A cause de leur clarté, ces passages provoquent des crises d’apoplexie aux schismatiques grecs et aux protestants qui n’ont d’autre issue que de s’agiter dans tous les sens afin de trouver le moyen d’ignorer ces versets solennels du Christ à Simon Bar Jonas, Pierre. « TOI, VOUS ». Il est éminemment clair selon ce passage que l’Église repose sur la fondation de Saint Pierre et que Saint Pierre est la fondation, en raison de sa foi. C’est en réalité en réponse à la profession de Foi de Saint Pierre que Notre Seigneur déclare que l’Église sera établie sur lui. Voici donc ces deux principes : l’Église repose sur Saint Pierre comme sur une fondation ; et la raison pour laquelle Saint Pierre est cette fondation, c’est sa foi.Il ne s’agit pas de simples qualités humaines, il s’agit de la Foi.

A partir de là, nous devons conclure sur deux points :

1. Toute institution ou société qui se dit « chrétienne » ou « église du Christ », telles que celles des schismatiques grecs ou des sectes protestantes, n’est aucunement, en réalité, une église du Christ et ceci pour l’unique raison qu’elle est détachée de l’Église du successeur de Saint Pierre. Aussi, même si une telle église se conforme au catholicisme sur tous les autres aspects : dogmes, sacrements, liturgie, discipline, etc., si elle se trouve détachée du siège de Saint Pierre, elle n’est donc pas une église du Christ.

2. La seconde conclusion est tout aussi puissante : la profession de la foi catholique, c’est à dire l’adhésion publique à l’ensemble de ses dogmes et la répudiation tout aussi publique de tout ce que l’Église a déclaré d’hérétique, est une condition absolue pour le pouvoir papal.
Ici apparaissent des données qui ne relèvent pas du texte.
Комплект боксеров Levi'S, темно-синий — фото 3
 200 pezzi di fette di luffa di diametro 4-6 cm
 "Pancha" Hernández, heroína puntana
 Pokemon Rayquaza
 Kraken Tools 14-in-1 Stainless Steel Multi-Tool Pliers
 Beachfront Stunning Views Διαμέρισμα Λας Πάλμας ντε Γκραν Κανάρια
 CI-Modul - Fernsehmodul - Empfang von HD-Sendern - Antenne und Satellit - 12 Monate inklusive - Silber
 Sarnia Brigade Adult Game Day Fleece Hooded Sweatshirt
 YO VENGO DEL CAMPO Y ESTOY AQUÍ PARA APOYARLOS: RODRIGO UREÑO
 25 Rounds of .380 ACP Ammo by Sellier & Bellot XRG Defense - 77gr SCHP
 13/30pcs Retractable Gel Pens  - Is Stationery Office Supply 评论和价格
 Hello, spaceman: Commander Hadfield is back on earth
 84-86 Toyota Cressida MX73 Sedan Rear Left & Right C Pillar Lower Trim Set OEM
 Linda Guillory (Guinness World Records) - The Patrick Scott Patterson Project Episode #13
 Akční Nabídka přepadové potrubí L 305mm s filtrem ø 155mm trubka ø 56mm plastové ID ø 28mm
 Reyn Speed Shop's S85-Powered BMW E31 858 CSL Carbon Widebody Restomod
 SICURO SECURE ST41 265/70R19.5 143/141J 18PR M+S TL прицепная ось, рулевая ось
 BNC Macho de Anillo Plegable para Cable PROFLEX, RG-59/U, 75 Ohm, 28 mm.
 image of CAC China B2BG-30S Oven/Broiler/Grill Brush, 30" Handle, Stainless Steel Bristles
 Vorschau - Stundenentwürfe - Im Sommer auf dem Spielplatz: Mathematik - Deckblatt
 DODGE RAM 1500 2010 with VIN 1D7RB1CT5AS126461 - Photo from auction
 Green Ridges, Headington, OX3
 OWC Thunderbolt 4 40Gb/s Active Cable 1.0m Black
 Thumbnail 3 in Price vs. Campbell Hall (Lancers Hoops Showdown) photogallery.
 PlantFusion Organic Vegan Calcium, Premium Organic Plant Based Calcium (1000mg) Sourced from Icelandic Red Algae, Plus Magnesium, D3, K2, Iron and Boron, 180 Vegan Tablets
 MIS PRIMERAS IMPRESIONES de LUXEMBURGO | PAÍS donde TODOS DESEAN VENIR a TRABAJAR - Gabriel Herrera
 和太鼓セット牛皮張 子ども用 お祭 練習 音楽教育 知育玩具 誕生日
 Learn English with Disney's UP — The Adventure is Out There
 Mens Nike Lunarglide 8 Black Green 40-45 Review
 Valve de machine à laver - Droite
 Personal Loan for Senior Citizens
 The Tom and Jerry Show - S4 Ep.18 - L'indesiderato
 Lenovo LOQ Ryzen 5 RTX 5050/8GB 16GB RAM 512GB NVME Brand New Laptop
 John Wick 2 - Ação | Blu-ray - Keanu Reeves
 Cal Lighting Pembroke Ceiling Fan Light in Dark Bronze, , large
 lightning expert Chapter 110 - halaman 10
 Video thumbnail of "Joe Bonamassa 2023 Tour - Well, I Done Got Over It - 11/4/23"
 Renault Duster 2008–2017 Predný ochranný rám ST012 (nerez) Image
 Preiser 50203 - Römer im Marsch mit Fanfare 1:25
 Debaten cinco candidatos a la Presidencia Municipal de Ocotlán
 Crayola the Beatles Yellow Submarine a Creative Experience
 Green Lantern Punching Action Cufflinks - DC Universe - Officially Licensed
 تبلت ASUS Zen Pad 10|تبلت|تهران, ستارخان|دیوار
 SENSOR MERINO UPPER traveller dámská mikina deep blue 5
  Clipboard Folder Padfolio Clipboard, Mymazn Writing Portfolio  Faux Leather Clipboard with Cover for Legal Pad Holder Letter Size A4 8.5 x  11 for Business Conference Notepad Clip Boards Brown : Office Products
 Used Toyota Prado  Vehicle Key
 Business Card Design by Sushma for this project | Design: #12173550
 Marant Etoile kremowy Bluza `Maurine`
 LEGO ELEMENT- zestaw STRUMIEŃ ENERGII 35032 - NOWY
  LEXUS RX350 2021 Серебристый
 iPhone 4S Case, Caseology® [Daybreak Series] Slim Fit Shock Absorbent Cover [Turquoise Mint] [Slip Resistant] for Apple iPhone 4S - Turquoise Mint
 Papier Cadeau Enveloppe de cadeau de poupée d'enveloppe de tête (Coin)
Car, jamais Notre Seigneur n’aurait pu déclarer à Saint Pierre : « Tu es Pierre et sur cette Pierre, j’établirai Mon Église », si Saint Pierre avait répondu : « Tu es Élie ou Jérémie, ou l’un des prophètes ». Si Pierre avait échoué dans ce suprême acte de Foi, il n’aurait pas été la Pierre sur laquelle l’Église repose.

 

Cette archibasilique de Saint Jean Latran incarne ces deux grands principes. Tout bâtiment d’église est en quelque chose une image de l’Église catholique, aussi humble fut-il, qu’il soit une modeste structure de bois dans la campagne, il est un reflet de l’Église catholique qui est la Société surnaturelle fondée par Jésus Christ pour le salut des âmes et pour La Gloire de Dieu. Et c’est parce que cette basilique romaine (Saint Jean Latran) est l’église-cathédrale du successeur de Saint Pierre, que toutes les églises dans le monde doivent lui être liés avec obéissance, soumission et communion, sous peine d’être détachées de la seule véritable Église de Jésus Christ, qui est l’Église catholique romaine. Aussi, le successeur de Saint Pierre ne peut être précisément un successeur de Saint Pierre qu’à la condition absolue qu’il professe la foi catholique, et ceci peu importe les qualifications que le candidat puisse avoir, y compris une élection pontificale, il ne peut prétendre au pouvoir de ce Roc, à moins qu’il ne professe la foi catholique et ne rejette comme hérétique ce que l’Église catholique a condamné comme hérétique. Voici les deux conclusions pratiques.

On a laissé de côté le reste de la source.